While the child actors all give admirable performances in “Earth to Echo,” the dialogue and plot fail to capture the creativity and suspense their predicament promises. Finding an alien life form and helping it return home has been explored before, and with far greater imagination, poignancy, and artistry. Every adult character contributes only to contrivances; adversaries more inept and lackluster than those found in “Earth to Echo” would be difficult to locate. The childish humor that pervades much of the setup will appeal to younger crowds, but seasoned moviegoers will cringe at the fatigued “found footage” style of storytelling and its routinely lazy eluding of calamity by simply jumping ahead to the next scene (via hasty cuts, technical glitches, or distorted imagery).
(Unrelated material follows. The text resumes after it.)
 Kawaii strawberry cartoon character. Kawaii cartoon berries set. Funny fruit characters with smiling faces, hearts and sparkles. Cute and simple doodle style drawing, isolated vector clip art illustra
When the state’s plans to build a highway through the small town of Mulberry Woods, Nevada forces everyone to leave the neighborhood, best friends Tuck (Astro), Alex (Teo Halm), and Munch (Reese Hartwig) determine to have an adventure on their last night together. Following an enigmatic map displayed on their smartphones, the trio heads out into the desert and discovers a mysterious hunk of metal buried in the dirt. When the object suddenly springs to life to reveal a tiny robotic being inside, the inquisitive children attempt to communicate with the alien. Learning that “Echo” is injured and in need of the youths’ aid, Tuck, Alex, and Munch determine to assist their newfound friend in a quest that will change all of their lives forever.
It’s quite fortunate that Tuck is preoccupied with zooming in on faces and expressions (including his own) while significant events unfold in front of the group. Somehow, in the midst of harrowing actions, he thinks to film his pals running toward his camera instead of worrying about his own escape. It’s also undeniably lucky that Echo, who commandeers various cellphones to use for vision in place of his damaged optics, manages to simultaneously record the things he sees. If not for these and many other coincidences, there would be no movie at all. It’s particularly lamentable that the found footage genre is so incredibly tired and overwrought that all anyone can think about is how the film couldn’t possibly have been constructed solely through spontaneous, live recording – let alone all the fancy editing, graphics, and soundtrack components necessary to render the final picture (in this case, seemingly assembled by a single teenager).
The script tries so painstakingly to be modern and hip (like an “E.T” for technologically advanced imbeciles) that it forgets it’s supposed to be a document of real human interactions. In the guise of a coming-of-age escapade, the children accomplish startlingly unconvincing feats, fuss with overdramatic dialogue, ludicrously recruit the surprisingly attainable girl-next-door (Ella Wahlestedt as Emma), avoid arrest, and are apprehended by similarly unrealistic government dopes who moronically force the youths to help in their extraterrestrial seizure mission. And as the foursome journeys across town in their own scavenger hunt (orchestrated by an annoyingly unintelligent life form who plots the most backwards methods of obtaining spaceship materials), strained concepts of friendship, abandonment, the inability of teenagers to impact the ignorant adults around them, and adolescent rebellion, routinely cripple the film’s ability to transcend the realm of recycled, family-friendly foolishness. Even without the nonstop handheld camerawork, “Earth to Echo” wouldn’t be salvageable.